City Commercial Center
- Location: Pagadian City, Philippines
- Coordinates: 7°49′24″N 123°26′18″E﻿ / ﻿7.82320°N 123.43846°E
- Address: Rizal Avenue, corner F.S. Pajares Avenue, Santiago District
- Opening date: December 3, 2010; 14 years ago (soft launch) September 23, 2011; 13 years ago (grand opening)
- Developer: Palafox and Associates
- Owner: City Government of Pagadian
- No. of stores and services: 450
- No. of anchor tenants: 3
- Total retail floor area: 28,600 m^{2} (308,000 sq ft)
- No. of floors: 4

= City Commercial Center =

Shopping mall in Zamboanga del Sur, Philippines

City Commercial Center, more popularly known as "C3" or "C3 Mall", is a government-owned and controlled mixed-use building in Pagadian City, Philippines. The building features an enclosed, air-conditioned mall and office spaces. Robinsons Supermarket occupies the entire lower ground floor.
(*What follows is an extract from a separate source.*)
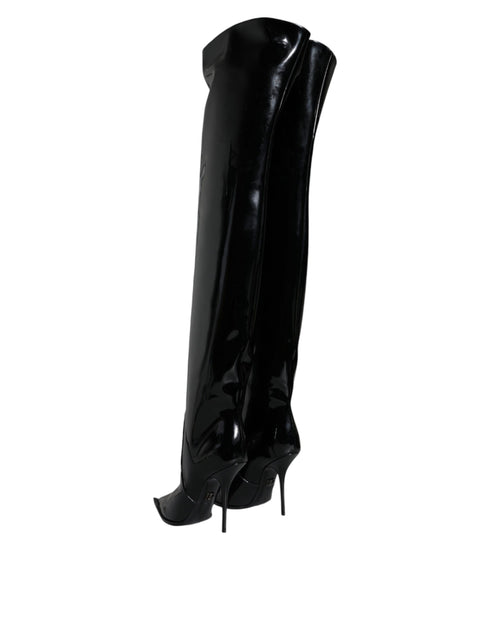 Dolce & Gabbana Knee High Boots Black Patent Leather Stiletto for Women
Restaurants such as Chowking, Goldilocks, Red Ribbon, and Max's with doughnut chains Dunkin' Donuts and Mister Donut are the main attractions on the upper ground floor.

==Development and Launch==

C3 stands on what used to be the old public market. Initially named "Pagadian Shopping Mall", the alternative design by Hillmarcs Construction prevailed over the original design by Palafox and Associates due to limitations in area size. Mayor Samuel Co led the project during his last term in office.

On December 3, 2010, C3 had a soft launch with the opening of Robinsons Supermarket. Robinsons Retail's Handyman Do It Center and other shops opened in September 2011 coinciding with 20th Mindanao Business Conference held in Pagadian City. Former US Ambassador to the Philippines Harry K. Thomas, Jr. attended the conference as guest of honor.

On September 23, 2011, C3 was officially launched in an event attended by performers from Manila.